Loyola students join fight against sweatshops
Loyola press release - February 19, 2000
Everyday, students, faculty, and staff stream in and out of the university bookstore to buy clothes that bear the Loyola University logo. Do they ever stop to think about where the clothes were manufactured?
Some Loyola students did and found that a majority of the bookstore’s merchandise was made in sweatshops in developing countries. According to Loyola’s mission statement, the university supports economic justice for both men and women. Hence, sweatshops are a taboo. To combat the problem, Katie Witry, president of the Loyola University Sociology Student Organization (LUSSO) and Amber Ramanauskas, chair of the Loyola University Community Action Program (LUCAP), attended the United Students Against Sweatshops (USAS) conference in Washington, D.C., in July 1999. The conference focused on ways to increase awareness, education, and concern for the plight of sweatshop workers. LUCAP funded their trip and upon their return, Witry and Ramanauskas approached the university administration and brought the problem to their attention.
USAS is an international coalition of over 200 student groups working on anti-sweatshop campaigns across the country. Its goals are to facilitate communication between the universities and act as a resource for information on the anti-sweatshop movement. This group defines a sweatshop as the systematic violation of one or more fundamental workers’ rights that have been codified in international and U.S. law. The sweatshops generally pay wages that do not permit workers to feed, clothe, and shelter themselves and their families. Work hours are so long that education and a decent family life are not achievable. This group encourages other universities to join in its fight to stop sweatshop practices and improve workers’ rights.
Witry and Ramanauskas formed the Loyola University Students Against Sweatshops (LUSAS), an on-campus chapter of the international organization. The Loyola group consists of 10 students whose goal is to educate the Loyola community about sweatshops. LUSAS’ first accomplishments were to define the university’s role regarding sweatshops and encourage the university to become a member of the Worker’s Rights Consortium (WRC).
The WRC is a group of universities, religious groups, and human rights groups opposed to corporate monitoring of sweatshops. Members believe corporate monitoring is problematic due to corporate investments, language barriers, and workers’ fear to talk to representatives. Rather, it seeks to enforce human rights and religious groups already present in those countries suspected of sweatshop activity and to investigate and report their findings based on a code of conduct designed to protect workers’ human rights. These reports will be sent to each member university. Loyola became a member of the WRC for the 1999 - 2000 academic year in December and allocated $1,500 in funding to the organization. Loyola joins with Brown University and Haverford University in Pennsylvania.

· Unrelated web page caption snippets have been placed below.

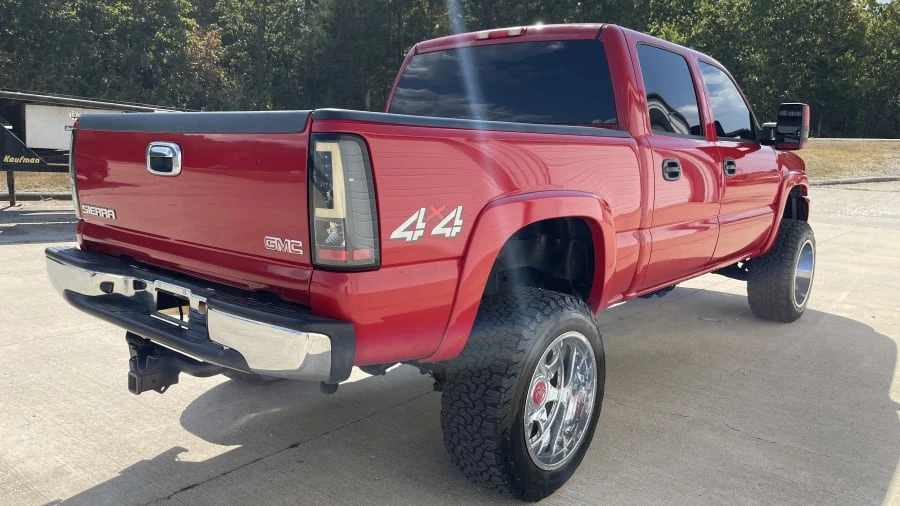2005 GMC Sierra 2nd Gen - Image 3 of 12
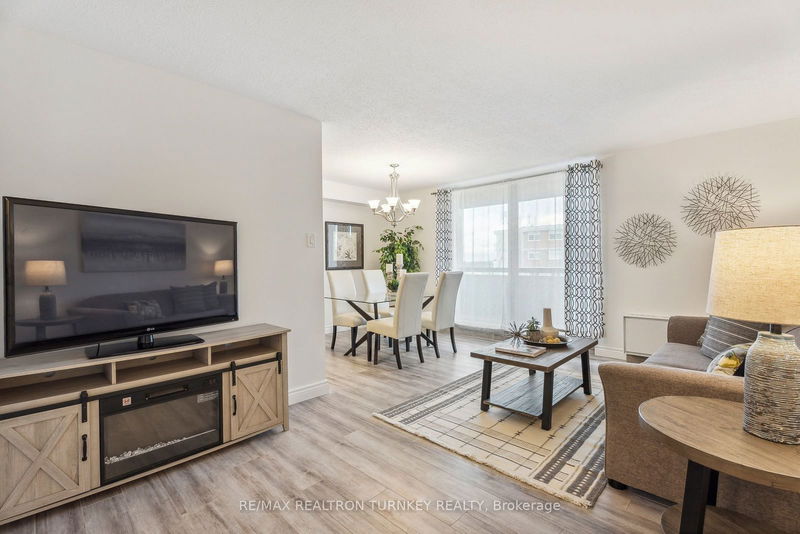  901 - 20 William Roe Blvd  Newmarket, L3Y 5V6 | Image 8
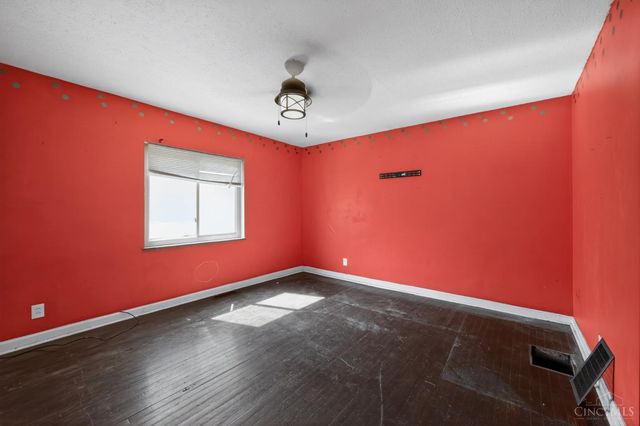 1323 Woodland Avenue, Springfield Twp., OH 45237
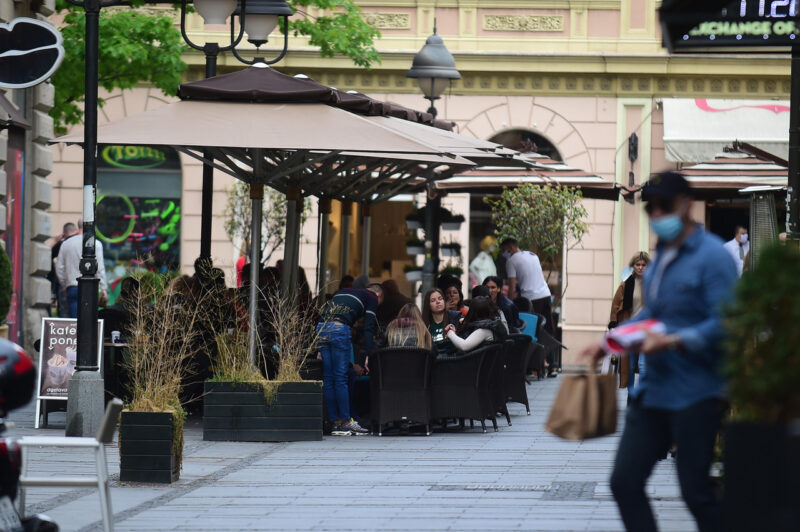 Sve MERE koje trenutno važe u Srbiji: Ovo su NOVA PRAVILA ponašanja u baštama i unutrašnjosti kafića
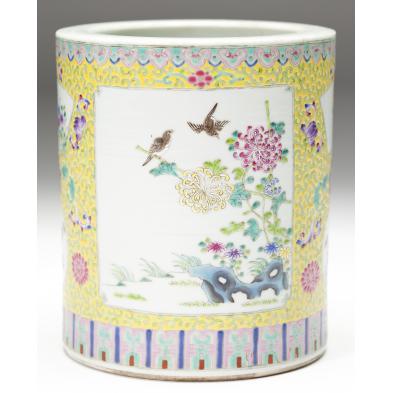 chinese-famille-jaune-porcelain-brush-pot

Loyola’s code of conduct and a letter requesting full disclosure of company information concerning locations and worker conditions were sent on January 31 to all manufacturers handling Loyola’s apparel merchandise. Loyola and their merchandise provider, Follett, will decide from which companies they will buy their merchandise based on the replies received. However, LUSAS will not boycott those companies using sweatshops. The group will inform manufacturers that they must change their factory regulations and eliminate the vow of secrecy of the garment industry.
"If there was a boycott, the workers would lose their jobs. We don’t want that to happen. We want the industry to clean up its act and realize human rights should transcend profits," Witry says. "The goal of LUSAS and the WRC is not to close the sweatshops, just to change them. Two hundred universities agreeing not to buy merchandise until sweatshop conditions change will have a major impact on the industry."
On February 19, 2000, LUSAS will hold an educational conference for New Orleans area universities from noon to 7 p.m. in the Audubon Room at Loyola University. Those interested are encouraged to attend. Later this semester, LUSAS will form a task force of Loyola students and faculty to review the response letters of the factories and, in conjunction with other local universities, will start an anti-sweatshop campaign, Ramanauskas says.